En ce dimanche, le frère André Descôteaux, O.P., nous explique le génie d’amour présenté au scribe par Jésus, amour qui a su touché celui-ci dans son intellect et dans son cœur, et termine son homélie avec une litanie poétique aux saints et saintes que nous oublions souvent.

proche-de-l-amour-proche-du-royaume

Homélie

C’est un bel évangile. Pas de polémique, pas de piège tendu, mais simplement deux hommes passionnés par la fidélité à Dieu qui s’interrogent sur ce qui est le plus important dans la Loi. Un évangile qui nous engage au plus profond de nous-mêmes en nous faisant dépasser tout légalisme. Ce matin, notre scribe, épaté par la manière dont Jésus venait de répondre aux sadducéens sur la question de la résurrection des morts, lui demande quel est le premier des commandements ou mieux dit quel est celui qui prévaut sur tous les autres.

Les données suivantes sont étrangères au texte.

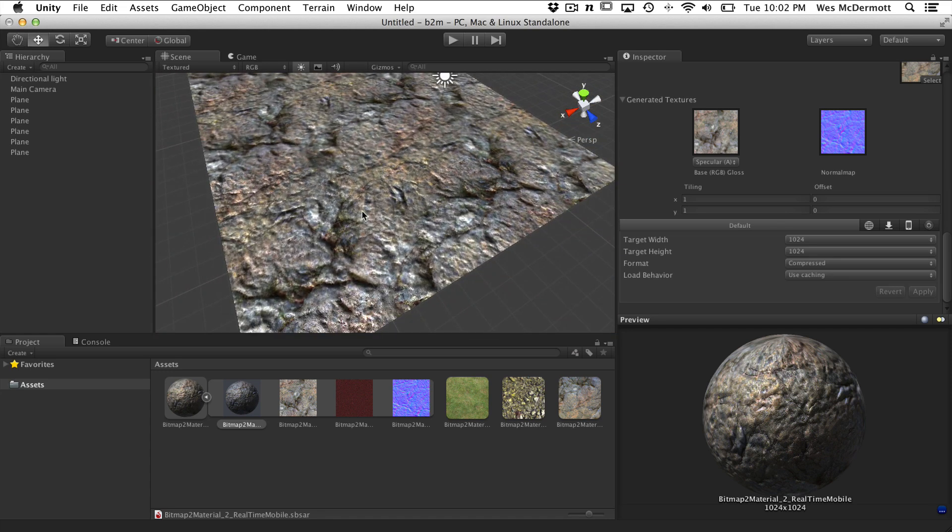So that takes care of this Bitmap to Material quick tip for unitycookie.com. As you can see, Algorithmic Substances and Bitmap to Material are pretty powerful tools to place in your arsenal, especially if you're working with mobile games. Thank you.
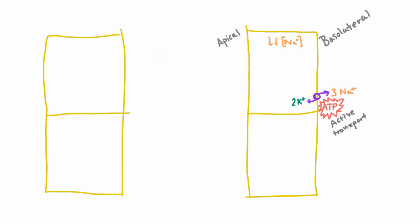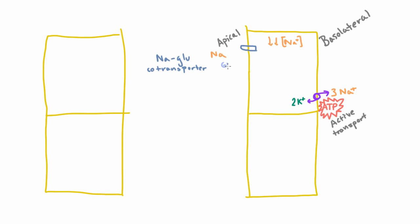The first is a sodium glucose co-transporter. And the way that this works is that it's a channel sitting here in the apical membrane that only lets through sodium when it's accompanied by a glucose. So if we have a sodium atom there and a glucose molecule, if they together join, they can get through this transporter.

Vingt ans avant Jésus, Rabbi Hillel pensait résumer toute la Loi en une version négative de la règle d’or : « ce que tu ne voudrais pas qu’on te fasse, ne le fais pas aux autres ». Jésus, lui, répond différemment. Il cite le livre du Deutéronome ‘Écoute Israël, ‘Tu aimeras le Seigneur ton Dieu de tout ton cœur, de toute ton âme, de tout ton esprit et de toute ta force’. Oui, commence par écouter Israël. Écoute ton Dieu, ton créateur, qui t’a créé, par amour, pour que tu puisses, toi aussi, l’aimer. Écoute Israël ton Dieu, ton libérateur, il t’a délivré, par amour, de tout égoïsme pour que tu puisses l’aimer. Écoute Israël ton Dieu, ton sauveur, qui a détruit la mort pour que ton amour soit éternel. Tel est notre Dieu qui nous aime au point qu’il nous demande de l’aimer, et ce, non seulement avec notre cœur mais de tout notre cœur, non seulement avec notre esprit mais de tout notre esprit, et de toute notre force, autrement dit, avec toute la volonté dont nous sommes capables ! Pour aimer Dieu, le tout de l’être humain est requis. Si Dieu est Dieu, comment peut-il en être autrement ? Alors que le scribe ne demande qu’un commandement, Jésus en ajoute un deuxième qui, nous dit-il, lui est semblable et qui, lui aussi, provient de l’Écriture ‘Tu aimeras ton prochain comme toi-même’. Comme Dieu est l’Unique, l’Incomparable, Jésus nous invite à découvrir en chacun l’unique image de Dieu que lui ou elle est. Avant Jésus, les deux commandements étaient énoncés séparément. Jésus, lui, les relie, les combine de sorte que l’un ne peut aller sans l’autre. « Dieu ne prend vraiment toute la place dans un être humain que lorsque celui-ci fait place pleine et entière au prochain comme à lui-même ». Jésus évite ainsi les dangers du faux mysticisme où l’amour de Dieu détacherait du prochain et d’un humanisme replié sur lui-même où Dieu serait évacué.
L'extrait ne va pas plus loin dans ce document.